◆ The problem ◆
Each line below from the "73heyさんの実例写真" line through the "Antique Portuguese Paper" line, those two included, must be restated word for word; the pictures must not be.

◆ Supplied information ◆
□ □ □ □

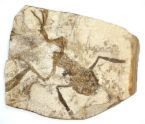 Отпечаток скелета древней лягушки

□ □ □ □

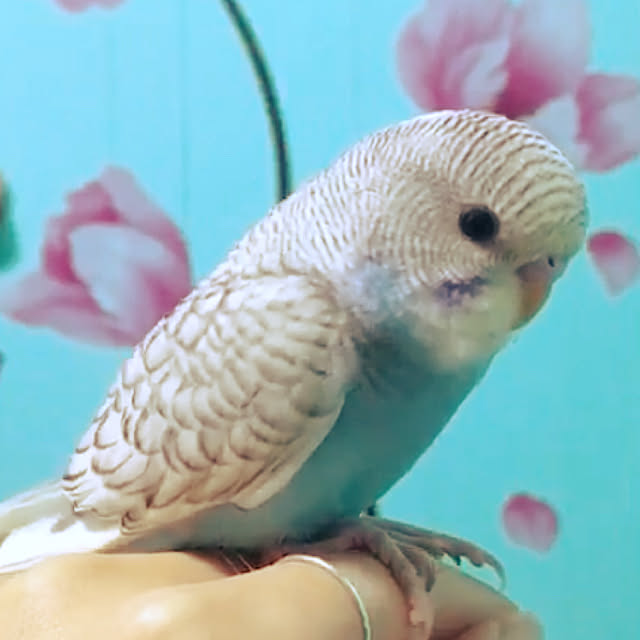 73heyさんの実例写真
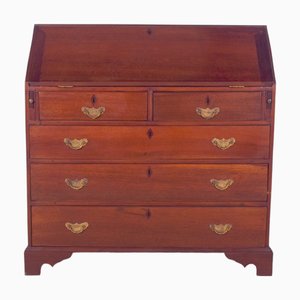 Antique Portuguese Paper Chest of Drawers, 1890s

□ □ □ □

◆ Answer space ◆
 73heyさんの実例写真
 Antique Portuguese Paper Chest of Drawers, 1890s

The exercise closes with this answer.